Closed-loop systems – which isolate workers in a bubble that requires them to live on-site so production can continue while a city is under lockdown – have largely worked, but they also sowed frustration among those trapped inside.
In central Zhengzhou, the world’s biggest iPhone plant, which went into closed-loop production in October, was rocked by protests last month over bonus pay delays and food shortages. The unrest has disrupted operations at the plant, run by Taiwan-based Foxconn.
Sources close to Foxconn said the company is monitoring the evolving situation and has scrapped daily PCR testing, a source of frustration for many workers. Other Foxconn factories in China are still operating under a closed-loop system, the sources added.
Foxconn declined to comment on how it would respond to a likely surge of infected workers.
Manufacturing, a major driving force of the world’s No 2 economy, relies heavily on migrants from rural areas who flock to export hubs like Guangzhou for work. Bringing back manufacturing would be key to reviving China’s slumping economy, but analysts say the journey will be long and slow even as Covid measures are loosened.
“An easing of these restrictions, as we’re seeing now, may lead to some stress in the near term, when mass infections disrupt factory operations, but if we consider the outlook in a few months, a stabilisation of the pandemic and the normalisation of logistics will be great news for manufacturers,” Xu Tianchen, an economist at the Economist Intelligence Unit, told Nikkei Asia. “This will make production higher and much more predictable.”
Some experts say that closed-loop operations will become less feasible over time, and they expect that model to gradually disappear.
The country’s tough coronavirus measures, which included shutting factories for weeks or keeping employees inside an industrial park, have deterred many migrant workers from leaving their hometowns, factory owners said.

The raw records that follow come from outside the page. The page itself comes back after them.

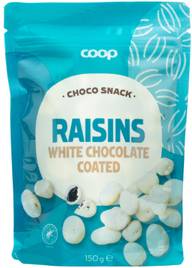 Coop valkosuklaarusinat 150 g
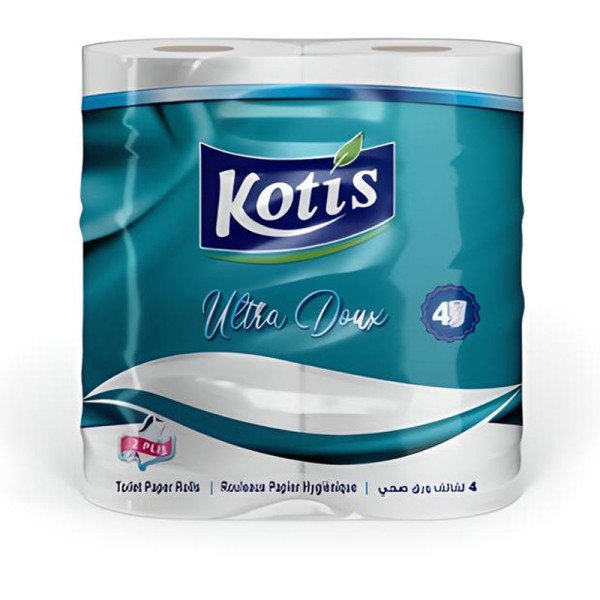 Papier Hygiénique de 4 KOTIS PLUS blanc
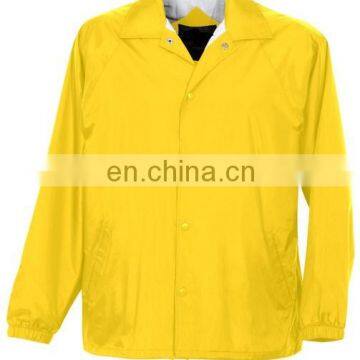 2016nylon Coach Jacket Men's Netball/sports/outdoor Custom Sublimation Microfiber Coach Jackets Wholesale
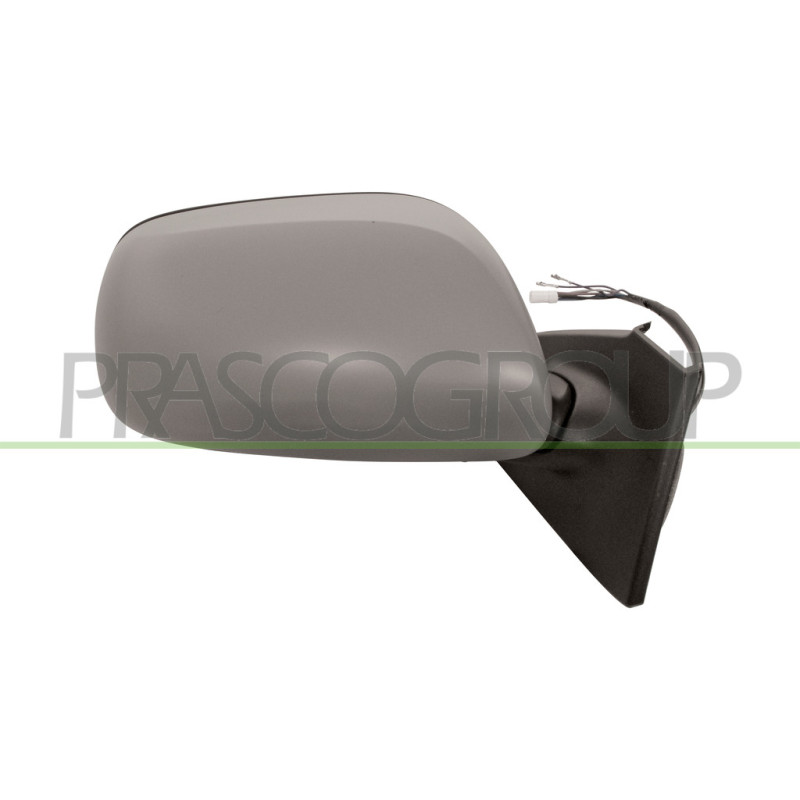 Rétroviseur électrique, rabattable électriquement, à peindre avec apprêt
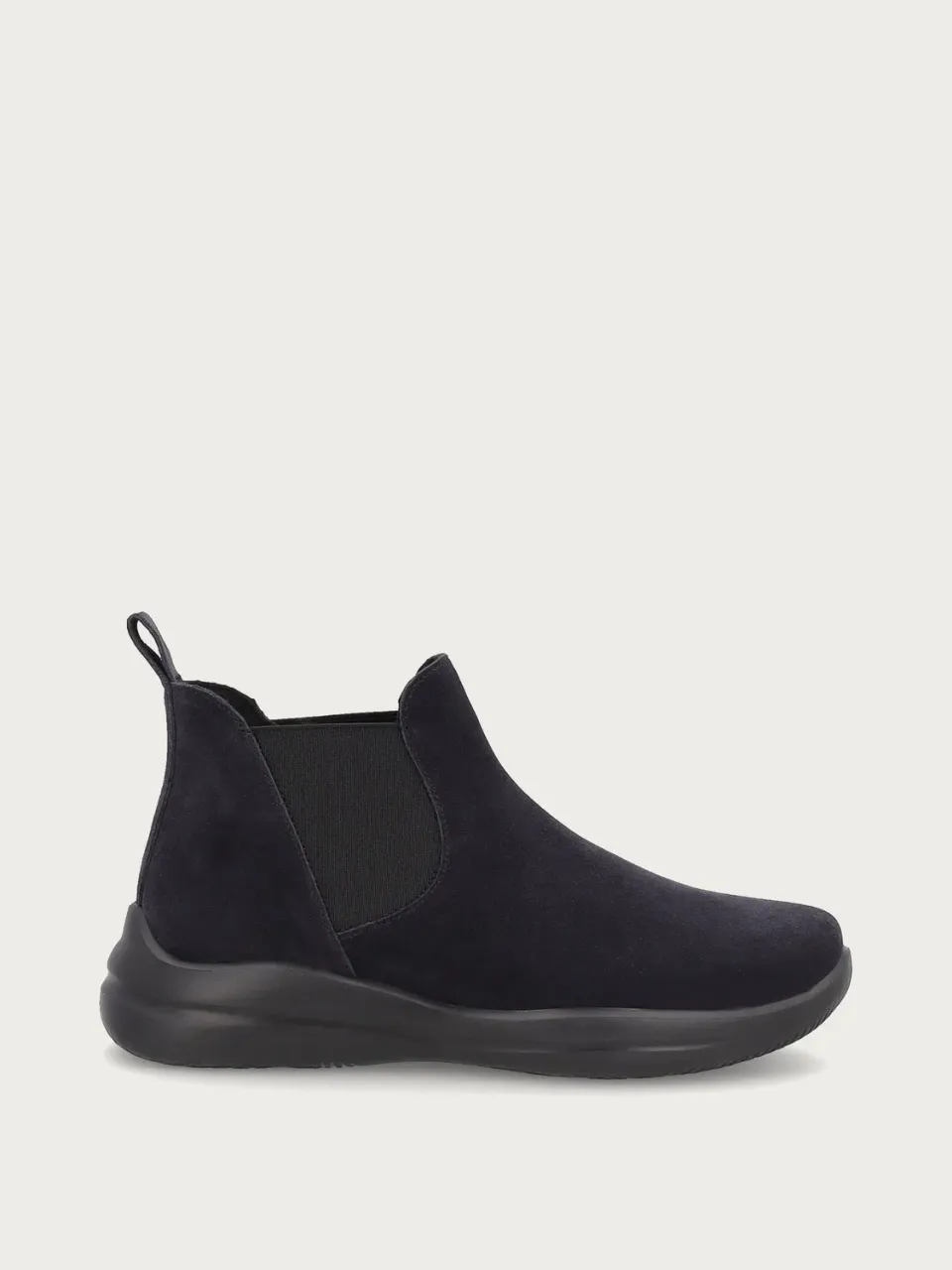 Frau Comfort Tech beatle boots blauw suède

Last month, the district of Haizhu in Guangzhou, where many factory workers live in densely packed urban villages, was locked down after an outbreak. The extended shutdown set off rare protests that saw angry residents pushing down barriers and clashing with police.
Some factory owners welcomed the latest moves by authorities, calling them a step in the right direction.
“Supply chains and logistics have had a lot of issues because of the restrictions,” said Michael Lai, CEO of window decor maker Nicedrape. “The latest policy means we can’t randomly stop work and will help production.”
“I hope it won’t affect production levels. We will separate workers into two teams so they don’t overlap,” he added.
One owner of a bag factory, whose clients include luxury brands, said the company will take a more relaxed approach.
“Cases will come for sure, and we need to be prepared that from now on people will get sick and will stay home for a few days,” said the man, who asked not to be named. “What happens will happen.”